▶ **ASSIGNMENT**: Pictures are to be excluded. Please print only the lines from the one containing "Aurora Arc Booglamp" through the end of the data, exactly as they appear.

DATA EXTRACT: Begin

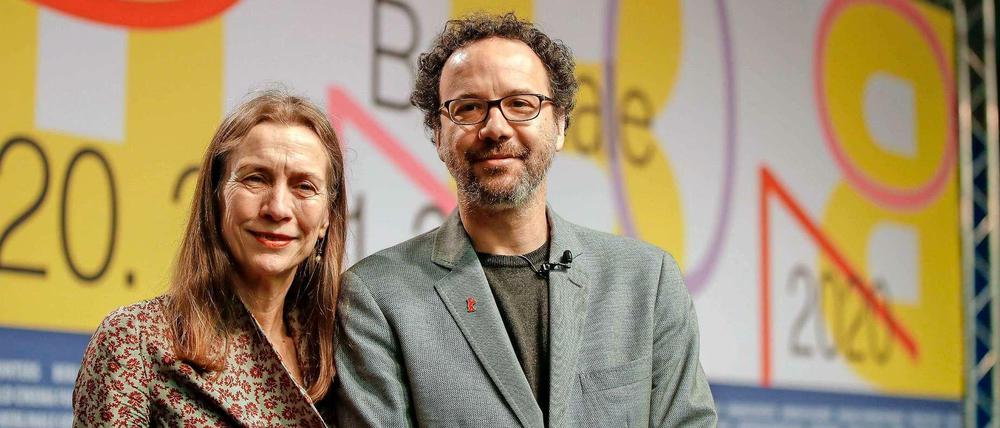 Neu im Amt und schon NS-Ärger: Mariette Rissenbeek und Carlo Chatrian, die Berlinale-Chefs.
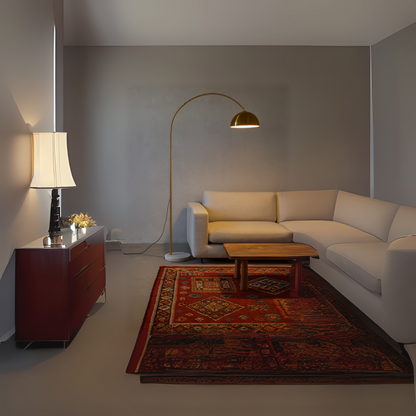 Aurora Arc Booglamp – Modern Design met Gouden Accent & LED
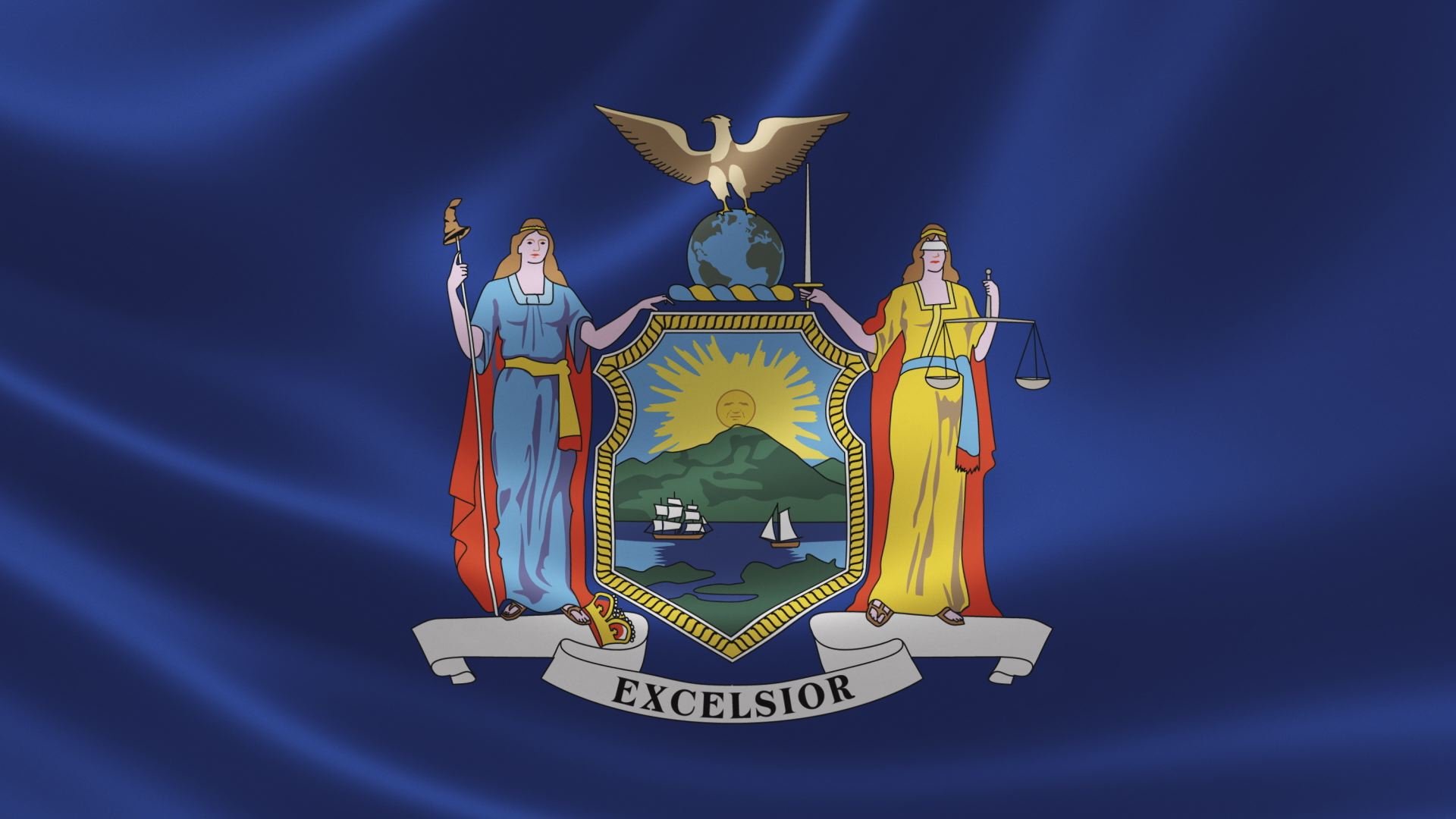 What Is The State Flag Of New York Called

DATA EXTRACT: End

▶ **SOLUTION**:
 Aurora Arc Booglamp – Modern Design met Gouden Accent & LED
 What Is The State Flag Of New York Called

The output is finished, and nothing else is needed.